There is a lot of “controversy” surrounding the Armenian Genocide, mostly in that it isn’t recognized as a genocide by most of the world, and the rest of the world has only been recognizing it in increments. Shamefully, the United States does not recognize the Armenian Genocide as a genocide, although 48 states do. Also, the UK and Israel (yeah, Israel, no joke) do not recognize it as a genocide.
From about 1915-1923, the Ottoman Empire, particularly Ottoman Turkey, systematically targeted the Armenian population for physical and cultural extermination. First, they deported the intellectual community leaders (most of whom were eventually murdered) from Constantinople, then removed the able bodied male population by straight massacre and forced labor, and then the deportation of women, children, infirm and elderly people by forced death marches to and through the Syrian desert. The general consensus is that about 1.5 million Armenians were killed during this time.
Turkey, to this day, either says the numbers were grossly exaggerated or that the these events didn’t take place at all.

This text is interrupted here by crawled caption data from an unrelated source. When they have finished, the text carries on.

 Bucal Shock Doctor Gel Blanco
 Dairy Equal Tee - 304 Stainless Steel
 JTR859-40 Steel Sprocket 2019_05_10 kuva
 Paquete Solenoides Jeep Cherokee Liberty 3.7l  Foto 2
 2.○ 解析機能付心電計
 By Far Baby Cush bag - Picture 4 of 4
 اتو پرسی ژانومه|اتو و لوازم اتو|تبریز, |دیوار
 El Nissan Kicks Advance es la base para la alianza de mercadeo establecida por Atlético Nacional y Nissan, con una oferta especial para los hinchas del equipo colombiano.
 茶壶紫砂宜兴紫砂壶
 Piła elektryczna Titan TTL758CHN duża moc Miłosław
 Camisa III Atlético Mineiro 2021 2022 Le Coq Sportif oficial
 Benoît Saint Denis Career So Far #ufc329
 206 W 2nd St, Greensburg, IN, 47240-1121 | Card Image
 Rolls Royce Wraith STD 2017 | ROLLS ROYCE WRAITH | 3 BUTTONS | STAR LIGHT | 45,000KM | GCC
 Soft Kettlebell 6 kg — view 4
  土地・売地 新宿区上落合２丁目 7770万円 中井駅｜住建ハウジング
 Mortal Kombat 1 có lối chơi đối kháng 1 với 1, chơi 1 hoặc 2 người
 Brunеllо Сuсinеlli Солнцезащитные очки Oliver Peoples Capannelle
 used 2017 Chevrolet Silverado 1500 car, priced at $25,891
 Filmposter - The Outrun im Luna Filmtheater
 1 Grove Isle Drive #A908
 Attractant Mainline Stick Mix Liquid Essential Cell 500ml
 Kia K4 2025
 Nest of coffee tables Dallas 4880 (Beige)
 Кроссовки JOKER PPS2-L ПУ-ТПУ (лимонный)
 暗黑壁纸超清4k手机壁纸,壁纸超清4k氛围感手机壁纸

Yeah, right.
One, and (to me) possibly the biggest, indication of the fact that it was, in fact, a genocide was it was used as a model for later genocides (looking at you, Hitler).
And so, the Armenian Revolutionary Federation (ARF), from 1920-1922, engaged in an assassination campaign which eliminated Ottoman political and military leaders responsible for the massacres, including the “Number One” (primary target), Talaat Pasha.
Eric Bogosian’s book, Operation Nemesis: The Assassination Plot That Avenged The Armenian Genocide, expands extensively on this history lesson. Bogosian starts by explaining that he didn’t feel much connection to his Armenian heritage, partially because it wasn’t talked about much. He went into the fact that his grandfather, usually so mild-mannered and gentle, said things like, “If you see a Turk, shoot him.”
Bogosian then explains the history of the Armenian population of Eastern Europe and within the Ottoman Empire with other communities of the Ottoman Empire, Russia, etc…and explains, basically, how the circumstances for this genocide came about.
Bogosian uses Soghomon Tehlirian as a lens through which to focus the story of the Armenians. Tehlirian lost his family to the genocide, suffered from what sounded like PTSD, and went on to assassinate Talaat Pasha. He was eventually acquitted, because his lawyers successfully put the Ottoman leadership on trial, rather Tehlirian, who described the trauma of seeing his family murdered (although he never actually saw this). He claimed to have dreams of his mother who demanded he avenge the her death, and the deaths of his brothers and sisters. Including extended family, Tehlirian lost about 85 members of his family in the genocide.
Operation Nemesis was a really interesting book that I recommend. I learned a lot about a topic that I knew almost nothing about and I got to be disgusted by the fact that my country fails to correctly label a genocide as a genocide. It did a really good job laying out everything for the reader (or, in my case, listener) so that everything was clear.
PS: since only 48 states recognize the Armenian Genocide as a genocide, I looked up which ones didn’t. Anyone who knows or understands the United States at all will not be surprised to know those states are those bastions of education and enlightenment, Alabama and Mississippi.